Django Table with Million of rows

Question:

I have a project with 2 applications ( books and reader ).

Books application has a table with 4 milions of rows with this fields:

 book_title = models.CharField(max_length=40)
 book_description = models.CharField(max_length=400)

To avoid to query the database with 4 milions of rows, I am thinking to divide it by subject ( 20 models with 20 tables with 200.000 rows ( book_horror, book_drammatic, ecc ).

In "reader" application, I am thinking to insert this fields:

reader_name = models.CharField(max_length=20, blank=True)
book_subject = models.IntegerField()
book_id = models.IntegerField()

So instead of ForeignKey, I am thinking to use a integer "book_subject" (which allows to access the appropriate table) and "book_id" (which allows to access the book in the table specified in "book_subject").

Is a good solution to avoid to query a table with 4 milions of rows ?

Is there an alternative solution?

Asked By: xRobot

||

Answers:

ForeignKey is implemented as IntegerField in the database, so you save little to nothing at the cost of crippling your model.

Edit:
And for pete’s sake, keep it in one table and use indexes as appropriate.

I’m not familiar with Django, but I have a general understanding of DB.

When you have large databases, it’s pretty normal to index your database. That way, retrieving data, should be pretty quick.

When it comes to associate a book with a reader, you should create another table, that links reader to books.

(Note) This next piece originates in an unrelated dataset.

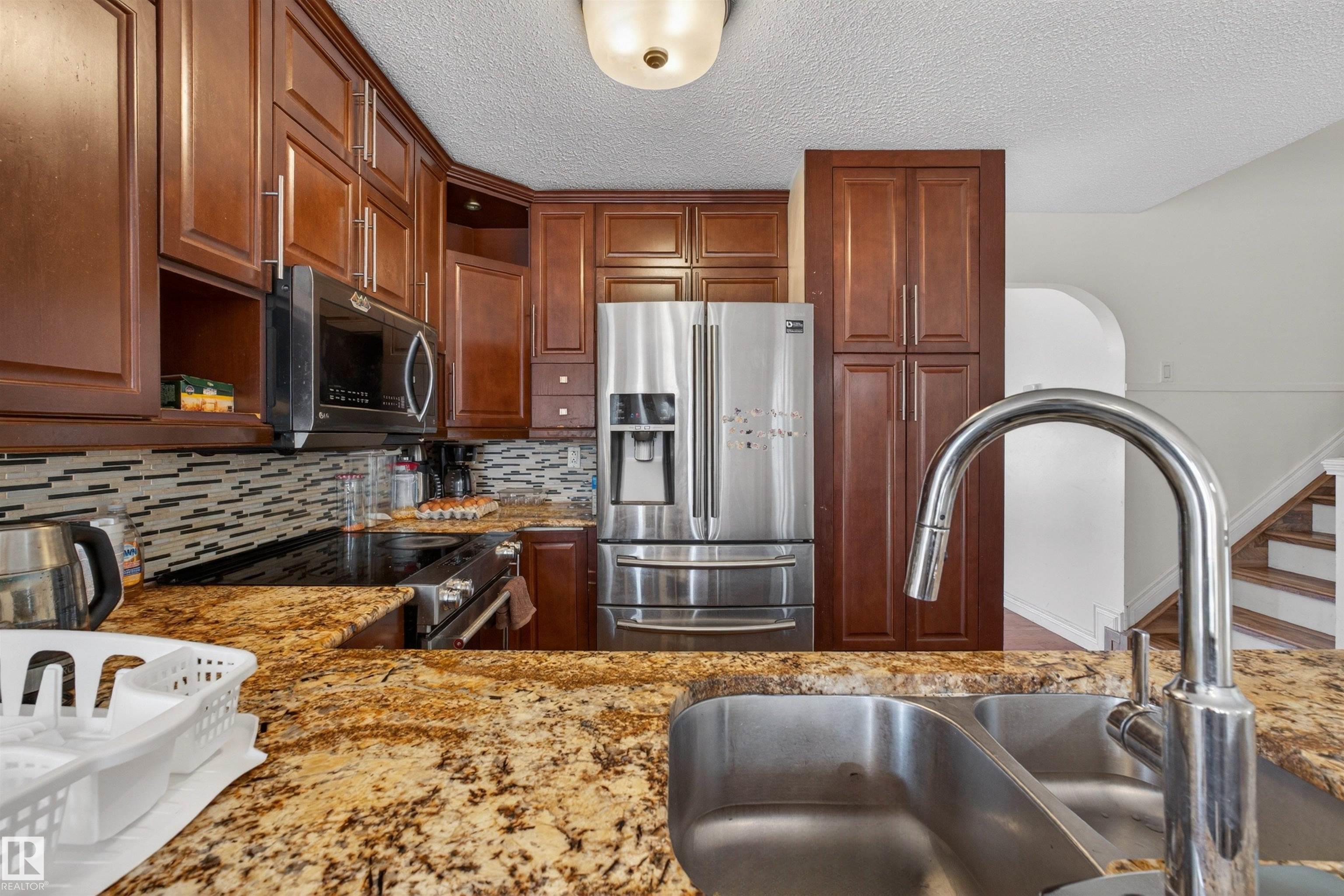 Photo 12 at 9007 169 Avenue NW, Klarvatten, Edmonton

It’s not a bad idea to divide the books into subjects. But I’m not sure what you mean by having 20 applications.

Answered By: Steven

Are you having performance problems? If so, you might need to add a few indexes.

One way to get an idea where an index would help is by looking at your db server’s query log (instructions here if you’re on MySQL).

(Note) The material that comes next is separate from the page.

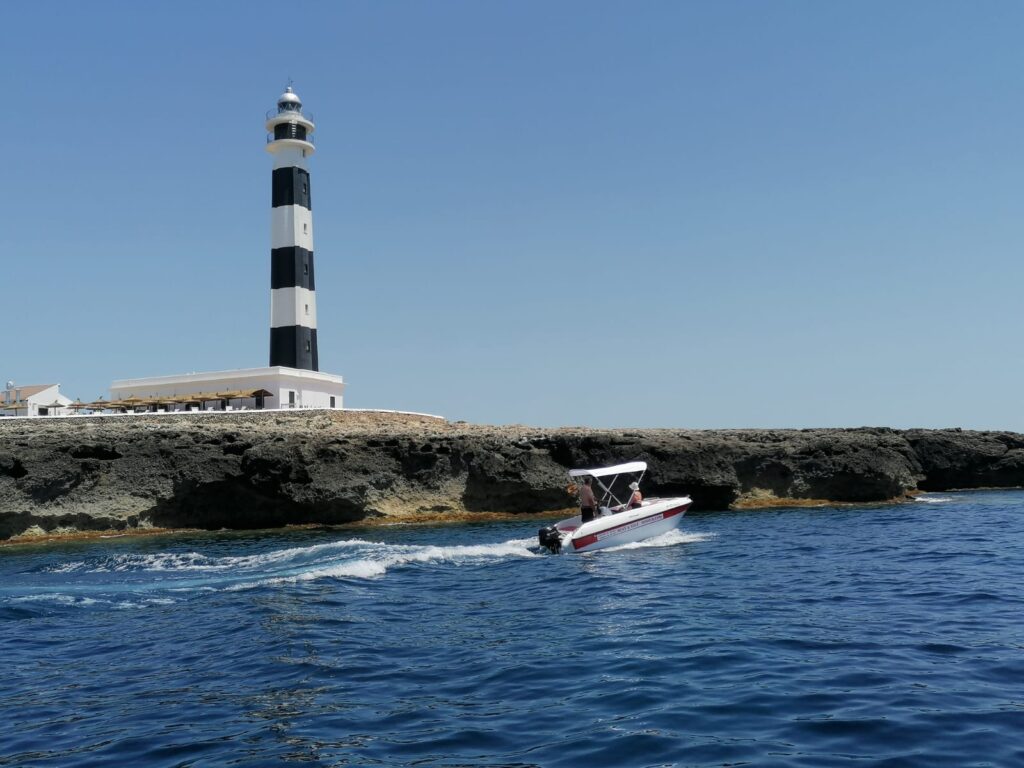 Explora las calas ocultas de Menorca con un alquiler de barcos personalizado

If you’re not having performance problems, then just go with it. Databases are made to handle millions of records, and django is pretty good at generating sensible queries.

Answered By: Seth

A common approach to this type of problem is Sharding. Unfortunately it’s mostly up to the ORM to implement it (Hibernate does it wonderfully) and Django does not support this. However, I’m not sure 4 million rows is really all that bad. Your queries should still be entirely manageable.

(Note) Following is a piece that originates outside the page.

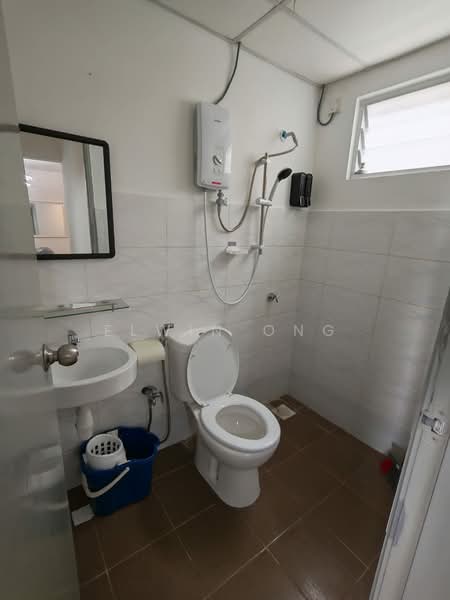 Kediaman Servis untuk Disewa di Sentrovue - Elwin Ong - Bathroom - PropertyGuru.com.my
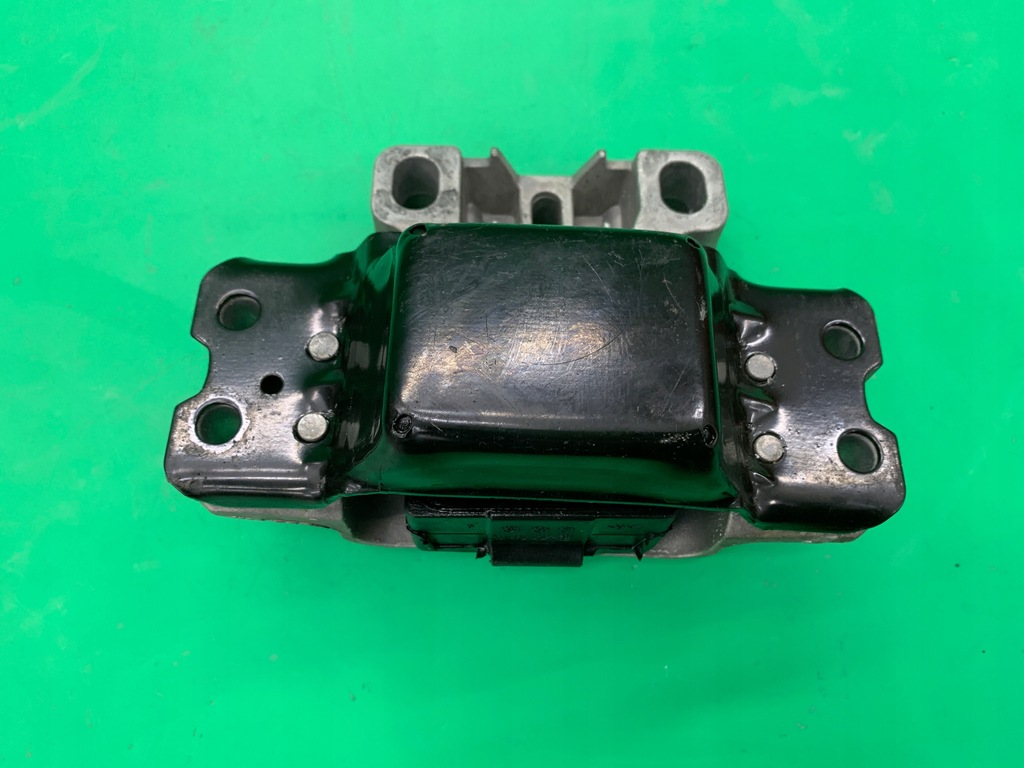 SUPPORT MOTOR CUTIE STANGA SKODA OCTAVIA II 2 1.9 TDI 04- Product image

Perhaps you should look in to caching with something like memcached. Django supports this quite well.

Answered By: Jim Mitchener

Like many have said, it’s a bit premature to split your table up into smaller tables (horizontal partitioning or even sharding). Databases are made to handle tables of this size, so your performance problem is probably somewhere else.

Indexes are the first step, it sounds like you’ve done this though. 4 million rows should be ok for the db to handle with an index.

Second, check the number of queries you’re running. You can do this with something like the django debug toolbar, and you’ll often be surprised how many unnecessary queries are being made.

Caching is the next step, use memcached for pages or parts of pages that are unchanged for most users. This is where you will see your biggest performance boost for the little effort required.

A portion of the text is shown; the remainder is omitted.